I’ve spent my years here doing everything I could, serving the community through multiple job roles and my extra curricular activities. More than a degree, Georgetown has given me confidence, purpose, and people who made me believe I could belong anywhere in the world.
Yet, the thought of that place not being Georgetown makes my heart sink.
Georgetown has taught me how to be human in a world that can be inhumane, how to have a heart that beats for people in an age of heartlessness, and how to remain alive, authentic, and caring. I was always an optimist, but Georgetown made me an optimist who isn’t delusional because my coursework grounded me in reality. Every role I took, from being the Hoya Welcome Week Coordinator to chairing my first-ever Student Liaison Committee meeting

You might think, “It’s just a university.” But when you’re an international student far from home, finding a community that feels like family changes everything. The Hoya family has been my anchor, a support so strong it makes me feel I can conquer anything. The slightest thought of not walking through these doors every morning hurts.

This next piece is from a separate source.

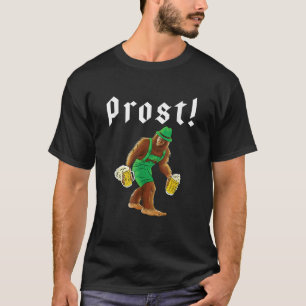 Bigfoot In Lederhosen Germany Beer Sasquatch Oktob T-Shirt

Yes, I’ll be an alumna, and I know I’ll come back often. But it won’t be the same. I won’t be part of the daily rhythm, the last-minute event setups, the familiar laughter in the student lounge, the spontaneous hallway chats that turn into hour-long conversations. Just as I’m away from the family that raised me now, I will soon be away from the Georgetown family that shaped who I’ve become.
As I prepare for what comes next, I hold on to the lessons this place has given me, the courage to show up, the grace to keep learning, and the heart to build new communities wherever I go. I don’t know where I’ll be next November, but I know I’ll carry a piece of Georgetown with me, in the way I listen, lead, and care.
One day, when I walk past a row of flags somewhere else in the world, I know my heart will still flutter at the sight of the blue and gray. Because some places never really leave you, they live in the rhythm of your heartbeat and in the stories you continue to tell.